Brazil’s nightly TV novelas love to reimagine history, but there’s a sad-but-true soap opera playing out in real time, involving one of Brazil’s legendary musical families. Folha de S.P. picks up the story, and if the headlines were in English they might read like this: João Gilberto Falls On Hard Times.
For many of us, it is difficult to believe that, even as Bossa Nova prepares to celebrate its 60th birthday this summer, João Gilberto, 87, has been facing financial difficulties and is being pressed in opposite directions by members of his family on whether or not to pay back a R$ 5 million (US$ 1.5 million) loan.
On one side of the argument is Claudia Faissol, the mother of Mr. Gilberto’s youngest daughter. She believes that he should pay back the loan and has reached an agreement with the bank to broker the negotiation.
On the other side are his older sons: João Marcelo and Bebel Gilberto. They believe the contract’s terms are exploitative and that Faissol has ulterior financial motives to settle, and have decided to hire lawyers to try to stop the negotiation.

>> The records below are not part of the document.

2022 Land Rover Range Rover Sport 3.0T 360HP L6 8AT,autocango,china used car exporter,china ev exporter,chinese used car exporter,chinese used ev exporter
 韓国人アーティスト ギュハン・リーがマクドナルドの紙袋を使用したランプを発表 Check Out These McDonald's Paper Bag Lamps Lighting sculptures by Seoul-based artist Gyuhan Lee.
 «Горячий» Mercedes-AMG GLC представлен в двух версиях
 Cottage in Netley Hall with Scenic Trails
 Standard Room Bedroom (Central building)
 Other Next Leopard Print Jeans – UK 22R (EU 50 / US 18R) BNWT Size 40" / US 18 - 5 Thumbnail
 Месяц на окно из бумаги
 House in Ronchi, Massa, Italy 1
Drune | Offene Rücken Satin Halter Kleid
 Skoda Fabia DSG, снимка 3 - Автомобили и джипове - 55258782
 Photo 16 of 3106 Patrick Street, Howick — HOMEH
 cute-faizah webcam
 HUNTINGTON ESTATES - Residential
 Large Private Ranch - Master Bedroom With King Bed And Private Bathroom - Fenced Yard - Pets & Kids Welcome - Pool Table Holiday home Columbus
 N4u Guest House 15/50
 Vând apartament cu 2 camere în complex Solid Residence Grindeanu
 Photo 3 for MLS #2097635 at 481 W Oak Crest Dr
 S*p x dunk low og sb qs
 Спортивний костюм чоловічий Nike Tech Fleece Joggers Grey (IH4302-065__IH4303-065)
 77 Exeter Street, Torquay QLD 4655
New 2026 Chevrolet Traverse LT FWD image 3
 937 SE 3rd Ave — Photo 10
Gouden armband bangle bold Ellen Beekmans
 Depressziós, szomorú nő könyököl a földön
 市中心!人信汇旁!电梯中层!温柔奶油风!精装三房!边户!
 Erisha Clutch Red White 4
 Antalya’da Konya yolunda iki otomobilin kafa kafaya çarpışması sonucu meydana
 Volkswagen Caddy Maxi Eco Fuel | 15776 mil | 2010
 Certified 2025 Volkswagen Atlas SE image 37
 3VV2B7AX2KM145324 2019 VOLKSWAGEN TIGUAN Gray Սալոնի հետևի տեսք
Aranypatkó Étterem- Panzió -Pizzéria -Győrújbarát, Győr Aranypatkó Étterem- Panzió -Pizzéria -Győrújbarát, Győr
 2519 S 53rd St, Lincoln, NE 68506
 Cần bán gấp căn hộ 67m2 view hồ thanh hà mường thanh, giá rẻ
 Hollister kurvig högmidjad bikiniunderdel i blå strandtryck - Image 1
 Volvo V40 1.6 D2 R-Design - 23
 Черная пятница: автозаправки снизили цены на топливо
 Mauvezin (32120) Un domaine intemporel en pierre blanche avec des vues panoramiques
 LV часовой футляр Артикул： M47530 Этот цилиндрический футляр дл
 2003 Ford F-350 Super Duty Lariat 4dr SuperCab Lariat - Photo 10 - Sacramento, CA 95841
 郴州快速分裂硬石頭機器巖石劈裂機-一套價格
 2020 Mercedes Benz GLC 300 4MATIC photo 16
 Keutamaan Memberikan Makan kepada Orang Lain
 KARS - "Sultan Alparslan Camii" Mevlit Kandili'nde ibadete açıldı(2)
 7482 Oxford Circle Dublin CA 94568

“She tricked an elderly man. She belongs in jail”, said João Marcelo Gilberto. “All the rates were settled between the bank and the lawyer who was in charge at the time”, said Ms. Faissol.
In 2013, João Gilberto signed a contract with a bank and a canceled tour back in 2011 led to a time of financial unrest. Since he had been given a million-dollar advance, he was sued and he lost the lawsuit.
The ‘João Gilberto Falls On Hard Times Story’ Could Be A Tragic Loss
The article states, that “According to the contract, the bank now owns 60% of the proceeds from Mr. Gilberto’s first four CDs.”
If we are to believe that the term ‘CD’ means ‘albums’, the these are not just any recordings. João Gilberto’s first four albums comprise the birth of Bossa Nova, including 1959’s ‘Chega de Saudade’, ‘O Amor, O Sorriso E A Flor’ (1960) and ‘Joao Gilberto’ (1961).
João Gilberto had earlier been awarded ownership of the recordings and was in the process of re-mastering them to properly reflect their original sound.